Well, send-receive will couple together in the sentence of the following: The sender's destination of course, should be a valid process rank. Rank is the word MPI uses for the identifier in that range of zero through nine. Receiver should, of course, also specify the valid source. Communicator, that was this mpi_comm_world, that has to be the same for the sender and the receiver. This is where the notion of group comes in. Unless you belong to the same group, process A cannot send to process B; and if you want to do between groups, then you need to do a little more sophisticated programming. And the tags, of course, should match, and the message data types must match; and receiver's buffer should be large enough. When all of these things are okay then the send-receive occurs.
Another little thing about semantics. P sends message, let's say m1 and then M2 to Q, and, of course, Q will receive them in that order. If P sends different messages to different processes, then you should not be concluding anything regarding when did R receive it and when did the process named Q receive it.
Now, there is a considerable variety in terms of blocking and unblocking. And unfortunately both PVM and MPI use the word asynchronous in a way that conflicts with the more theoretical, more conceptual computer science illustration. You need to be cautious about these words.
Send, receive can be blocking or not. By blocking or not we simply mean the following, and it should be decoupled from this word asynchronous. If you are saying receiving, I think we said this; obviously you cannot receive if there is no message to receive. But if you then invoke this receive in a nonblocking way, this receive will terminate. It will come back saying, I tried to receive, but I failed. That's what we mean by nonblocking.

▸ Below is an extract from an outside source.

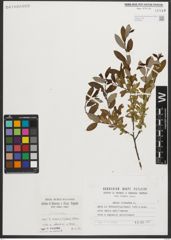 Foto von Salix triandra L.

A blocking send, of course, can be coupled with a nonblocking receive and vice-versa. And the send itself comes in a bunch of varieties. If you do nothing it is in the standard mode, otherwise there are these three other modes, which are to be understood carefully because of subtle semantics that can play in there.
Apart from this nonblocking thing, this is about the same as a regular send, and same with this. These two routines, if you happen to use the nonblocking kind, you can use it to then wait or test if things have worked okay or not. If you remember, handle was one of the arguments in the previous send, receive, in the previous receives.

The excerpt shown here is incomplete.